Das kurze “Cyanide” ist mein persönliches Deris-Highlight. Ein treibender Rocker mit unwiderstehlichem Refrain, der unter die Haut geht. Aufgrund seiner nur dreieinhalb Minuten eignet sich “Cyanide” übrigens sehr gut als Anspieltipp, ebenso “Best Time”. “Down In The Dumps” von Michael Weikath präsentiert wieder die epischere Seite der Hamburger und lässt kein Auge trocken. Nach dem kurzen Intro “Orbit” kommt mit dem einzigen von Ur-Mitglied Kai Hansen geschriebenen Song das große Finale des Albums. “Skyfall” kennen wir ja schon als Single-Version mit gut sieben Minuten Länge. Die Single hat mich durchaus begeistert, wirkte bei kritischer Betrachtung aber auch ein wenig überladen. Man hatte ein wenig den Eindruck, die Band will zu viel auf einmal. Diese Probleme sind in der zwölfminütigen Album-Fassung aber vergessen. Die Übergänge sind viel besser arrangiert, und durch die zusätzlichen Intrumentalpassagen wirkt der ganze Song runder und kann seine volle Wirkung entfalten. Es gibt nicht viele Songwriter, die in der Lage sind, überlange Epen zu schreiben, die nicht eine einzige Sekunde langweilig sind und einem eine Gänsehaut nach der anderen bescheren. Kai Hansen hat schon mehrfach bewiesen, dass er zu diesen Genies gehört. “Skyfall” ist einfach nur Weltklasse, und beendet ein Album, das mit nur sehr wenig Kritikpunkten behaftet ist. Einer ist der von mir bereits erwähnte, synchrone Gesang, der teilweise etwas anstrengend klingt. Zudem vermisse ich zwei Songs, um das Spektrum der Band zu vervollständigen.

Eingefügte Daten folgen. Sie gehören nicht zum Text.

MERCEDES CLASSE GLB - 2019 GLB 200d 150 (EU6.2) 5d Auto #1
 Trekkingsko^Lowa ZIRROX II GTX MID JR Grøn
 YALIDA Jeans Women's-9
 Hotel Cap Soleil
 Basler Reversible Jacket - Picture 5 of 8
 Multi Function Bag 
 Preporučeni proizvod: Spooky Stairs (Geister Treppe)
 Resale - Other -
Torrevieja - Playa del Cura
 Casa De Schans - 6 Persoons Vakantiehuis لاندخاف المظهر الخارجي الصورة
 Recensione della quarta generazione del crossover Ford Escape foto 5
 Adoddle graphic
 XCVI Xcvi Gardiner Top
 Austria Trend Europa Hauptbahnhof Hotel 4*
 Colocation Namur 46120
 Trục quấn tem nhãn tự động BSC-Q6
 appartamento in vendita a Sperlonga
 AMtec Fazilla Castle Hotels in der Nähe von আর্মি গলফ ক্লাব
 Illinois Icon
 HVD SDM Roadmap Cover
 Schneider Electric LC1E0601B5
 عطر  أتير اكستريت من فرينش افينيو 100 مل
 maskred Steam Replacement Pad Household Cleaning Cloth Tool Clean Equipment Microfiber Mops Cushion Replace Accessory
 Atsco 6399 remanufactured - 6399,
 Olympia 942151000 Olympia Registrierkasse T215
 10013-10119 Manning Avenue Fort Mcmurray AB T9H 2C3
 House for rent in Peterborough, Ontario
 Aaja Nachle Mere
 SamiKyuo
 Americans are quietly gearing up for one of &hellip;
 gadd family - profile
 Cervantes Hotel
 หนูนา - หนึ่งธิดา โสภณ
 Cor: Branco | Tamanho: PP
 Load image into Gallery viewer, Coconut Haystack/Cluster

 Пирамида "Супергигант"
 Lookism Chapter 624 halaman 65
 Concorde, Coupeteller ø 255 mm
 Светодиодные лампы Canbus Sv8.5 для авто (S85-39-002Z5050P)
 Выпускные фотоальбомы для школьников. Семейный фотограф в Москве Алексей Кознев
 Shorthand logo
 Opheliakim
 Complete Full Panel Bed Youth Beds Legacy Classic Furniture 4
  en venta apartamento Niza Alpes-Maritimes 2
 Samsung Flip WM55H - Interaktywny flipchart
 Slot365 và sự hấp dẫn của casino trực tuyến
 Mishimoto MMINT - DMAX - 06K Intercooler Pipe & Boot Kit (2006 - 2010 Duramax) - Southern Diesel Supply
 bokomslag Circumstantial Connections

Zum einen hätte ich mir eine richtige Abrissbirne, nur mit Kai Hansen am Mikro, gewünscht, um auch der Frühphase der Band Tribut zu zollen. Und es verwundert mich, dass “Helloween” keine Ballade enthält, was ich eigentlich erwartet hätte. Ich kann zwar auch ohne Ballade auskommen, aber wir alle wissen, dass die Kürbisköpfe auch in dieser Disziplin glänzen können. Sämtliche Kritikpunkte sind natürlich jammern auf sehr hohem Niveau. “Helloween” ist eine Meisterleistung einer Band, die sich nach vielen internen Unruhen ihrer langen Laufbahn als absolute Einheit präsentiert, und wieder da stehen, wo sie vor über 30 Jahren schon einmal waren: an der Spitze des klassischen deutschen Metals!